Max Freeland says his band Pardoner often gets called “slacker rock,” but he’s unsure if that’s a compliment. “Whenever someone writes us up, even when it’s a nice review,” and slacker rock gets mentioned, “it’s a little insulting like these pathetic brainless slackers managed to squeak out songs,” he says with a note of sarcasm.

Freeland’s ambivalence about slacker rock aside, Pardoner — which released its excellent fourth full-length album, Peace Loving People, last year on Bar/None — plays well-crafted melodic rock songs that stay effortlessly rough around the edges. After all, trying too hard or attempting rock star brio is the domain of prog and metal bands in the slacker rock code. But like other slacker rock greats, Pardoner is a tight guitar band despite projecting their couldn’t-care-less attitude. 

The band performs May 15 at John Henry’s in advance of their new EP, Future of Music, out May 24 on Convulse Records. 

      Having said what he said, Freeland, who sings and plays guitar, admits that luminaries of the slacker rock micro-genre like Pavement, Archers of Loaf and Guided by Voices influenced his band’s sound. Hardcore also threads through Pardoner songs, like in “Are You Free Tonight?” off Peace Loving People, which alternates between Dinosaur Jr. guitar squall with interludes of punk energy.

     Formed in 2015, Pardoner met in college in San Francisco, with River van den Berghe on drums, Colin Burris on bass and Trey Flanigan, who also sings and plays guitar.  

“In middle school, my brother and I shared a computer. I came into it that way. He was older than me and had Pavement and Guided by Voices downloaded,” Freeland says. “That’s the stuff we bonded over most when we first started playing together. Trey and Colin’s experience was the same — a cool older brother who tells you that the music you like is lame and stupid and you should listen to something else.”

Alongside a curated, lo-fi sound quality, Pardoner is also lyrically funny, lampooning hipster indie music scenes.

     “I don’t care about the future of art. You killed the soul, and you trampled the heart. Who gives a shit that you’re all ditching guitars. Maybe the journalist will make you a star,” Freeland sings on “Future of Music,” the lead single from the band’s new EP. 

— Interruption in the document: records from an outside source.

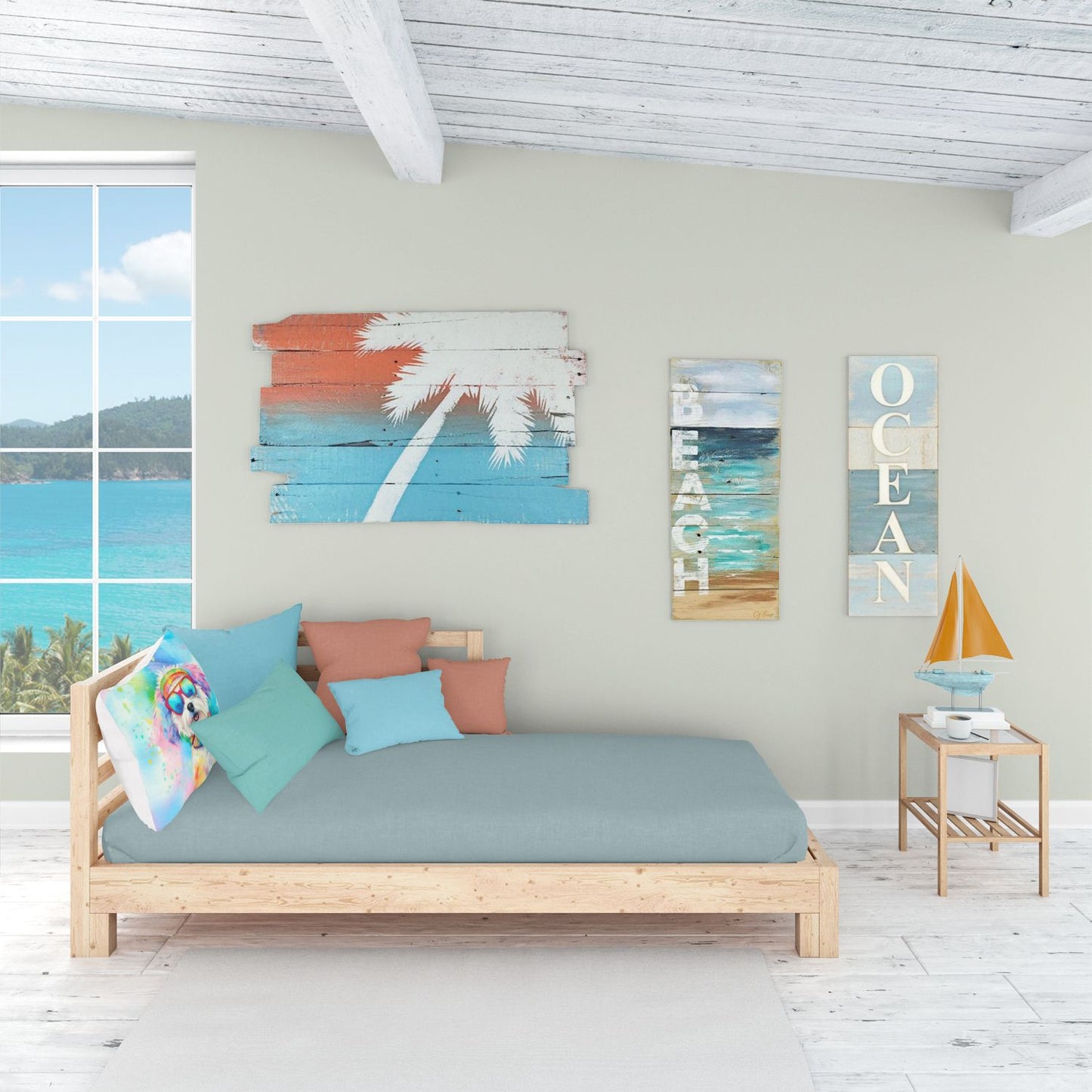 Bichon Frise Hippie Dawg Standard Pillowcase Lightweight Super Soft Easy Care Decorative Artwork Pillowcase, Standard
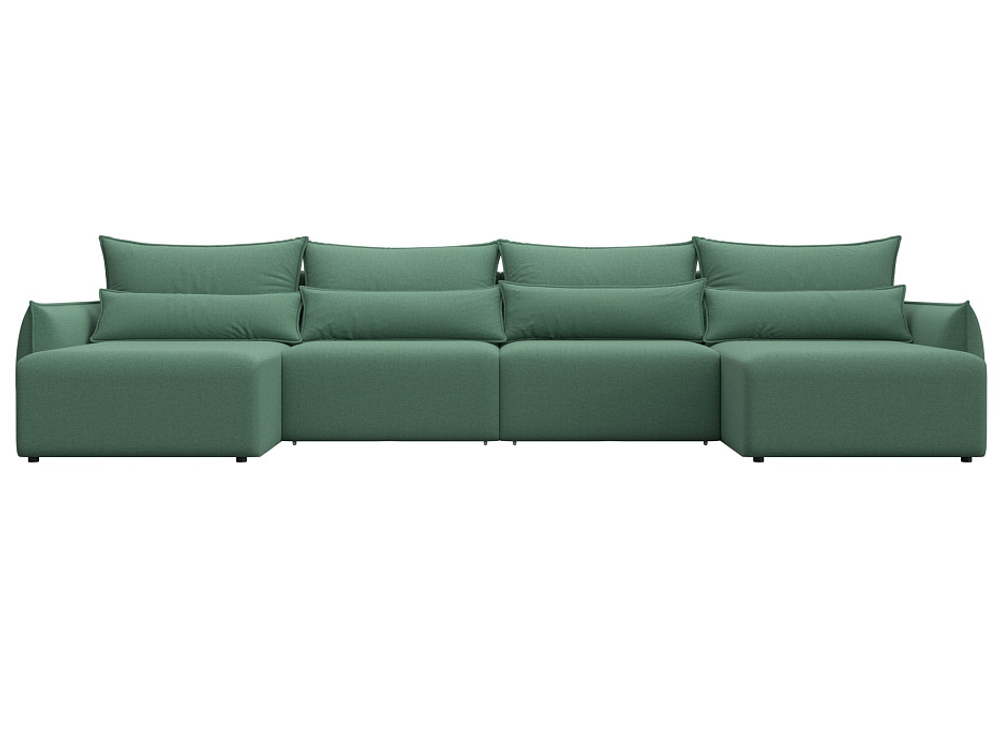 Диван П-образный Лига-051 НПБ Лонг РОГОЖКА Амур 11 зеленый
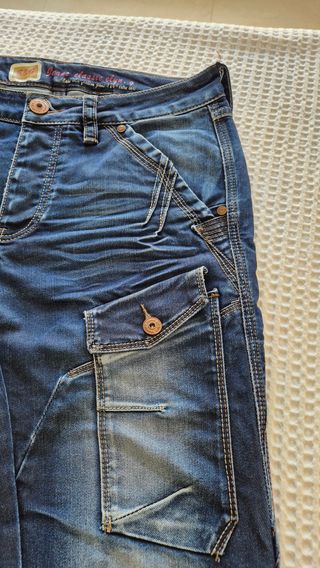 Pantalón Vaquero E&G Azul Ajustado Bolsillos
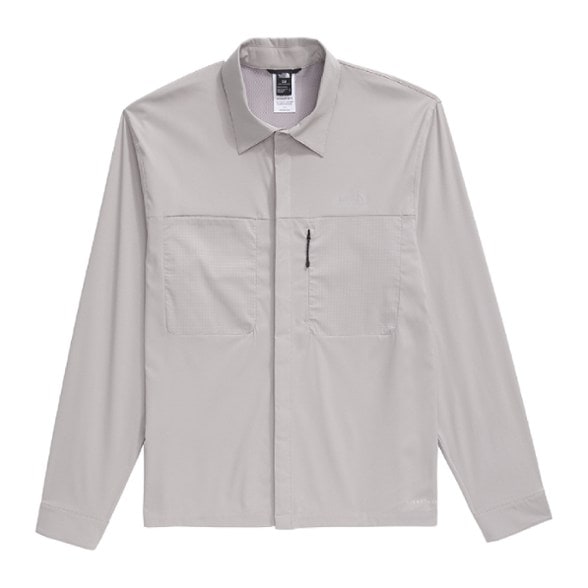 Front view of men's lightweight hiking shirt with UPF protection and anti-odor technology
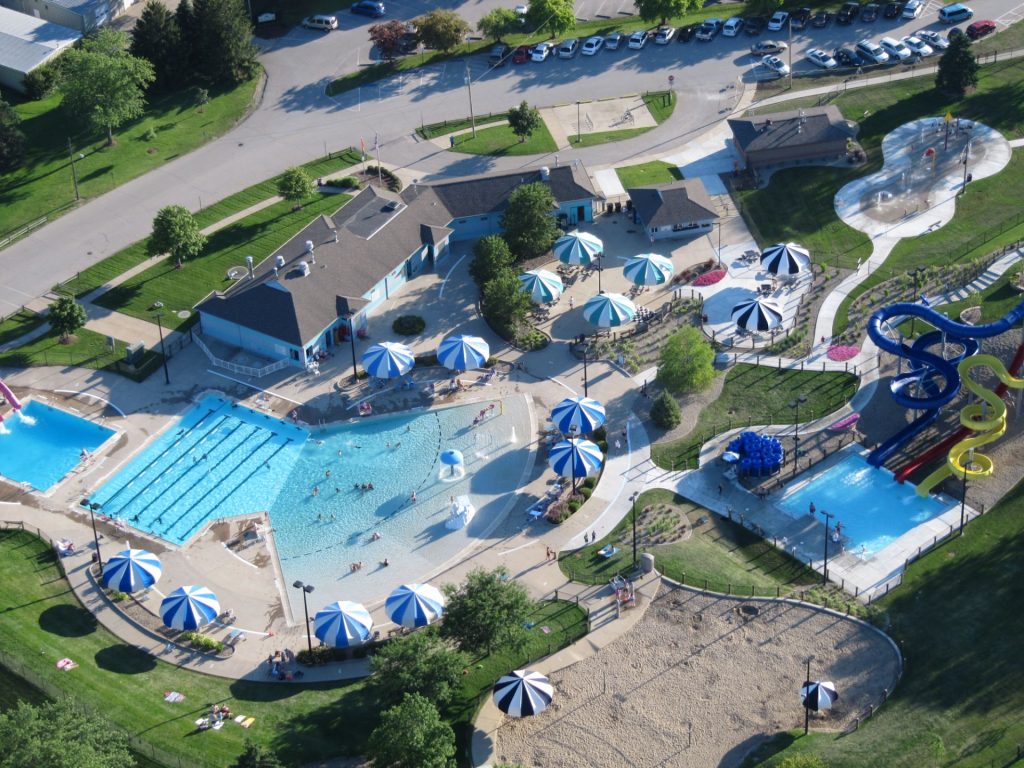 Overhead view of the Fairview Family Aquatic Center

“What I write about in the lyrics is like a social critique of myself and characters like me and the pathetic little scenes we like to run around in,” Freeland says.

     But despite “Future of Music’s” repeated refrain, “I don’t care about the future of music,” Freeland tells EW. “I might care. Of course, there are a hundred million good bands making music right now and are out doing that. But it’s all kind of annoying — not the music, but the whole thing,” he says, mentioning the pressure for indie bands to build a presence on social media. “It’s just so degrading,” Freeland says.

       These days, Pardoner lives in different parts of the country, and Freeland says more than anything, the fun of playing music has helped keep the bicoastal band together. “We’re all satisfied with our collaborative partnerships,”  he says. “We all like each other. We want to hang out. It’s fun to play music. I think that’s the impetus.”

Pardoner plays with Portland indie rockers Nick Normal and Guitar 8 pm Wednesday, May 15 at John Henry’s, 881 Willamette Street; $12 advance, $15 door, 21-plus.